Large Dams (>3m height) and Small Dams (<3m height)
There are 24 mapped large and small dams on naturally accessible waterbodies in the watershed, blocking 17.6 km (0.74% of the total blocked habitat) of modelled spawning and rearing habitat, resulting in a Low extent. The extent rating of these structures was confirmed by the planning team. There is only one known fish passage structure in the watershed and the remaining dams likely block passage for anadromous salmonids. Rehabilitating these dams will require significant resources; however, due to the Low extent of dams in the watershed, a final pressure rating of Low was assigned.
Trail-stream Crossings
There is very little spatial data available on trail-stream crossings in the watershed, so the planning team was unable to quantify the true extent and severity of this structure type.
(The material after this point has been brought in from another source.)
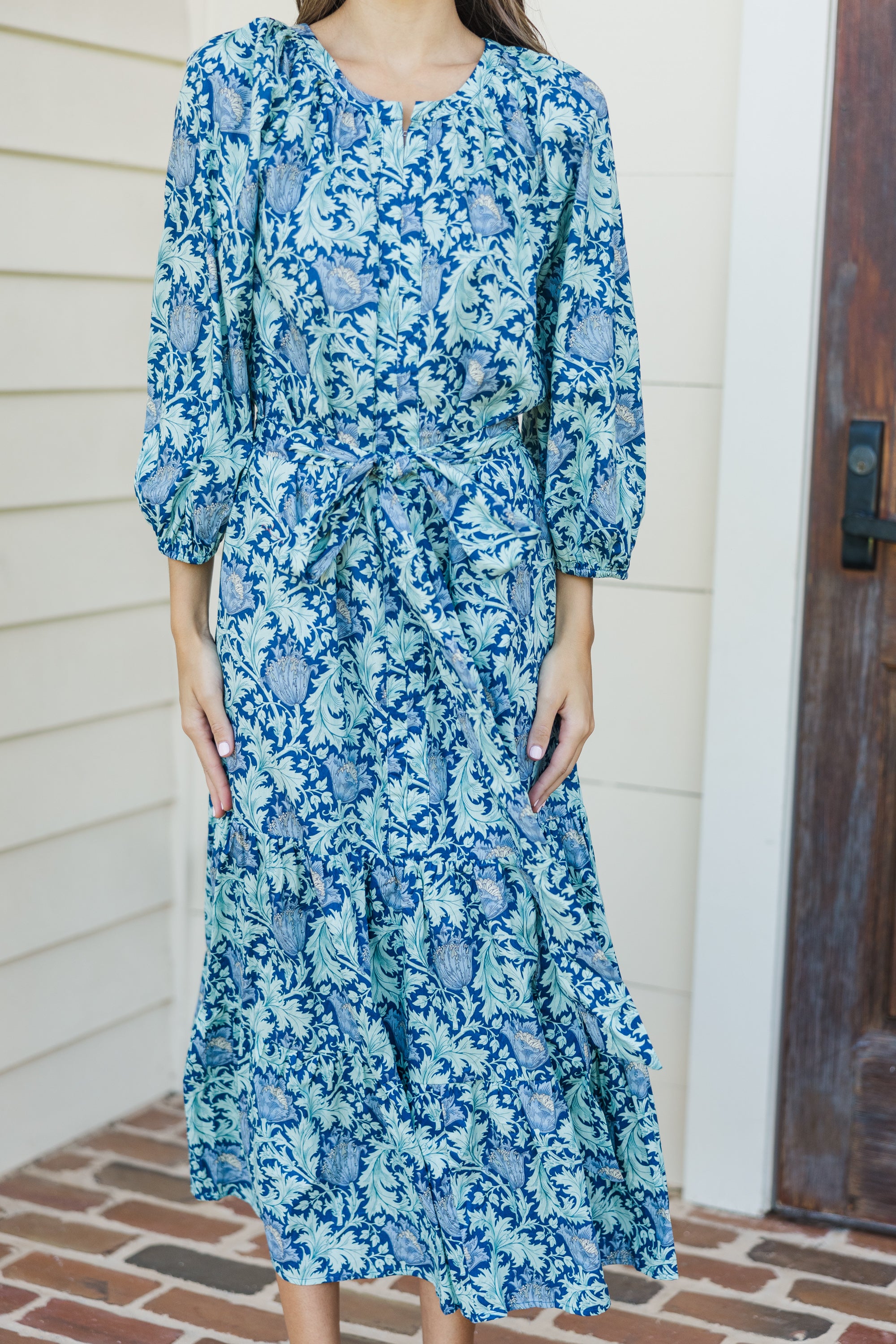 Stunning Navy Blue Floral Midi Dress with Good Intentions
However, the planning team felt that trail-stream crossings are not prevalent within the watershed and that where they do exist, they rarely significantly block passage for anadromous salmonids. Given that most structures will likely be fords or similar structures, the rehabilitation costs associated with these barriers would be quite low. Overall, the planning team felt that the pressure rating for trail-stream crossings was likely Low.